Les analystes de Lorentzen & Stemoco ont noté que le ralentissement brutal en Chine observé depuis la fin de l’été est en train d’annihiler le bénéfice de croissance du premier semestre. S’il était de 10,8 % durant les six premiers mois, il n’était plus que de 2,8 % à l’issue des neuf premiers mois de l’année.

« Il existe un parallèle entre la réduction de voilure des raffineries chinoises et la production d'acier au cours des derniers mois, avait fait valoir fin octobre le courtier. Les autorités se sont orientées vers une politique de déflation, en essayant de maintenir les prix des produits importés tels que le pétrole et le minerai de fer. Mais la hausse des prix des combustibles fossiles a renchéri les coût des factures d'électricité. »

Décarbonation, autre acteur de la conjoncture

Les propriétaires et les exploitants de pétroliers n'auront pas non plus de raisons de se réjouir l'année prochaine. Moody's prévoit que l'orientation des conditions de marché devrait rester au mieux inchangé en 2022, c’est-à-dire déprimées. Si l’agence anticipe une reprise du transport aérien, l'expansion continue de la flotte d’avions contrarie les perspectives. 

La dynamique du transport maritime de produits pétroliers en dépend. Le segment peut néanmoins compter sur une discipline entre offre et demande. Près de 200 unités ont été livrées cette année, pour un tonnage total d'environ 23,8 Mtpl mais les 123 unités envoyées à la casse ont totalisé environ 12,5 Mtpl, ce qui a permis de freiner la croissance de la flotte de pétroliers et de transporteurs de produits pétroliers de 2 % (+ 3,5 % au cours de la même période l'année dernière).

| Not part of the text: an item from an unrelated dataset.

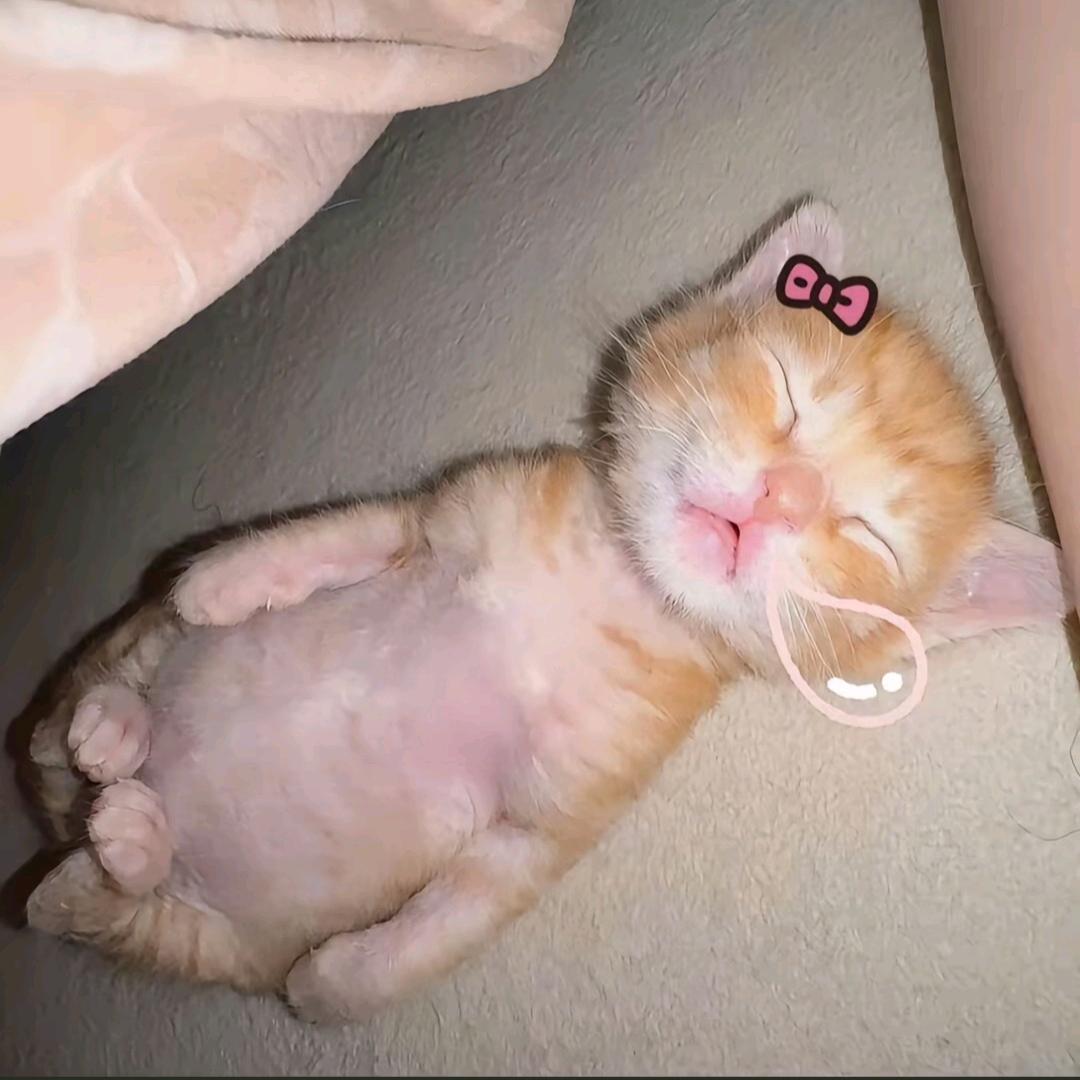瞌睡小猫(奶嗝版)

À l'avenir, la croissance de la flotte de pétroliers devrait également être limitée en raison d'un carnet de commandes proche du niveau historique d'environ 7,8 % de la flotte. « Les transporteurs de produits pétroliers semblent déjà être à la pointe de la reprise, la dynamique de l'offre le justifiant parmi d'autres facteurs, tandis que les navires de transport de brut devraient suivre, bien que ces derniers soient plus exposés aux stratégies géopolitiques des principaux producteurs de pétrole », estime pour sa part Intermodal.

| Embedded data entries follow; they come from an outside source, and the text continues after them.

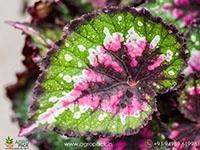 merry-christmas-begonia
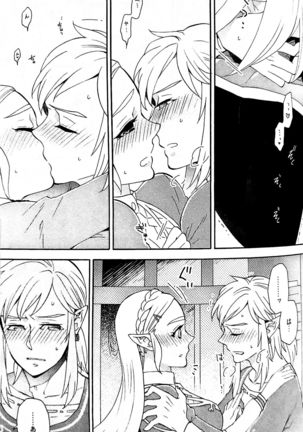 Doujinshi - The Legend of Zelda / Link x Princess Zelda Page #27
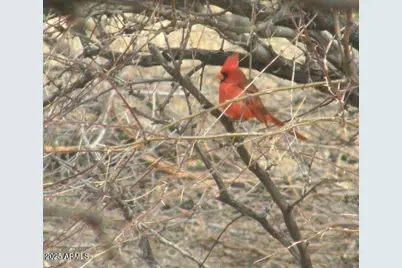 5782 E De Vaca Circle #18, Saint David, AZ 85630 - Photo 19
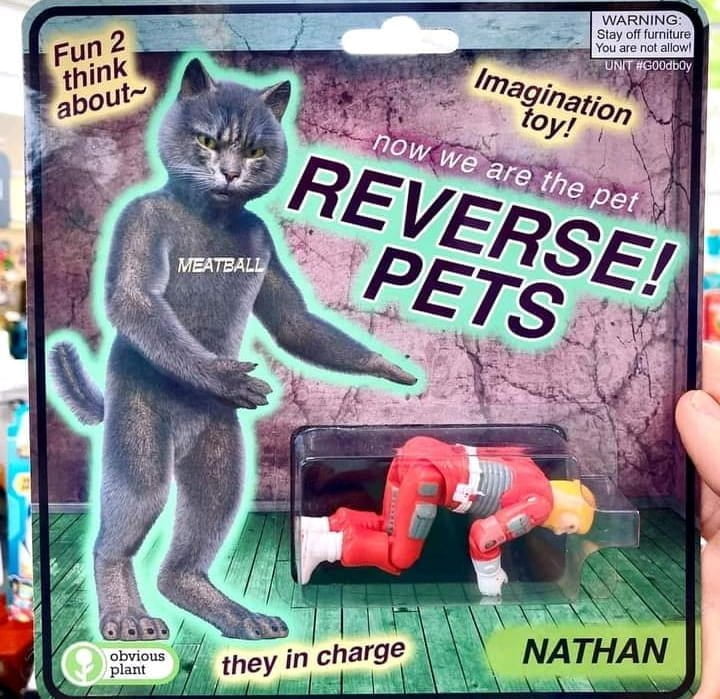 reverse pets now the humans are the pet dank memes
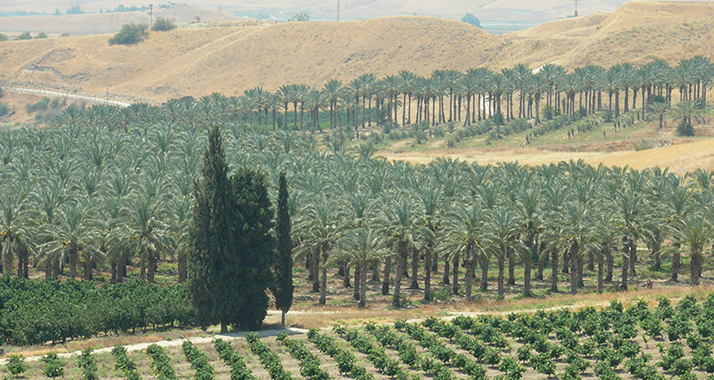 Die arabische Stadt soll im Westen von Galiläa entstehen. (Archivbild)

Au-delà et concernant toute la flotte mondiale de navires, l’autre facteur d’influence et d’incertitude reste les pressions en matière de décarbonation qui vont être de plus en plus prégnantes au fur et à mesure des avancées dans le calendrier imposé par l’autorité internationale de régulation du secteur, l’OMI, et plus encore de l’UE, dont l’agenda vert est désormais connu. Le paquet législatif Fit for 55 donne d’ailleurs du travail aux principales organisations professionnelles qui font valoir les arguments dans le cadre des consultations en cours.